List of Recommendations (continued) Increase the Ministry of Health’s budget allocation to 5% of GDP to ensure appropriate levels of resources are available to reduce mortality rate due to the pandemic. Avoid revenue generation measures such as increase in VAT, other taxes or duty on commonly consumed goods, to avoid burdening ordinary Fijians and/or businesses struggling due to the pandemic. Avoid implementing increases in cost of accessing government services. Remove the 20 cents per litre tax on fuel imposed last year. This tax was imposed at a time when the global crude oil prices had reached record lows but has since increased more than two-fold (~US$30/barrel in June, 2020 to ~US$70/barrel in June 2021). The higher fuel price is pushing up the cost of doing business and having an inflationary effect on consumer prices which affects demand negatively. Impose a vaccine certificate for any movement outside homes to increase uptake of vaccines.

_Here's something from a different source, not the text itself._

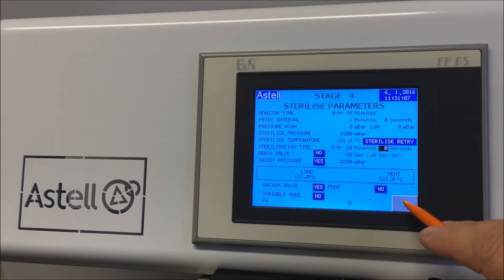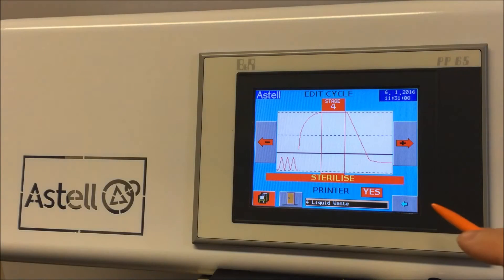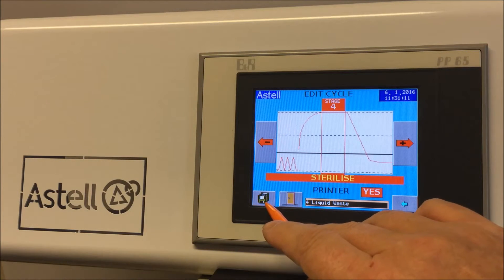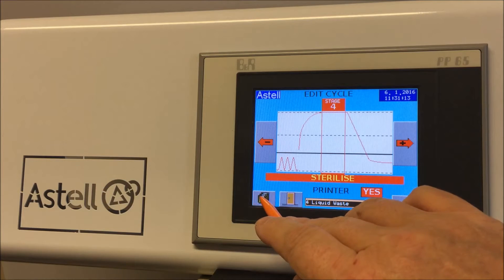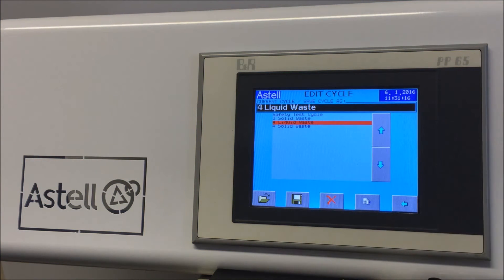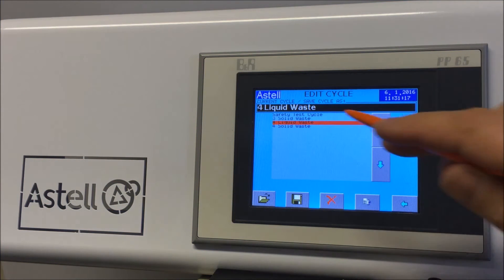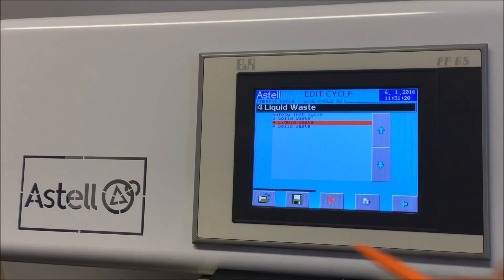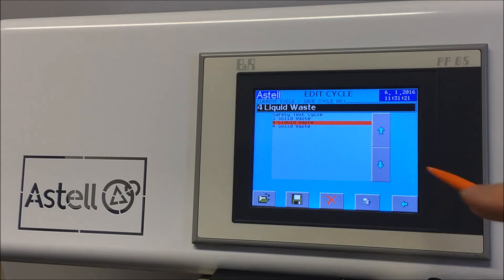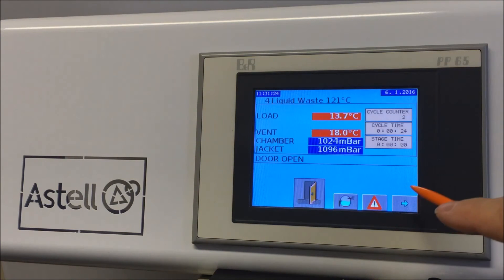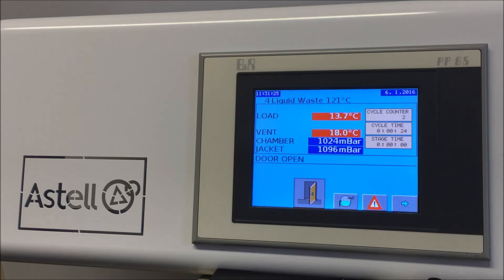Press the left arrow icon on the bottom right of the screen. The save icon on the bottom left of the screen will be flashing red. Press this icon to save your changes. Ensure the cycle you are saving is highlighted in red and select the disk icon to save the cycle. Now press the left arrow icon on the bottom right repeatedly to get back to the main screen.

Conclusion The 2021-22 budget will be critical for making the appropriate allocations to battle the ongoing COVID-19 outbreak, address its socio-economic impacts and support economic recovery in its aftermath. Despite the challenges, government will need to continue to sustain measures to boost aggregate demand and provide support to affected Fijians and struggling businesses. Containing the prevailing COVID-19 outbreak remains key to minimizing economic damage and getting back on the road to recovery. Re-opening of the tourism sector is crucial to economic recovery and there are some positive elements that inspire confidence. Firstly, there have been significant efficiency gains which has made our tourism sector more competitive, if the pricing offered to local customers are any indication. Secondly, the Asian markets remain closed to the Australian and New Zealand tourists which reduces competition for our tourism industry. The government needs to devise a set of effective policies and judiciously allocate financial resources to address needs of different economic sectors. There are high expectations from government as individuals and businesses have limited options for support.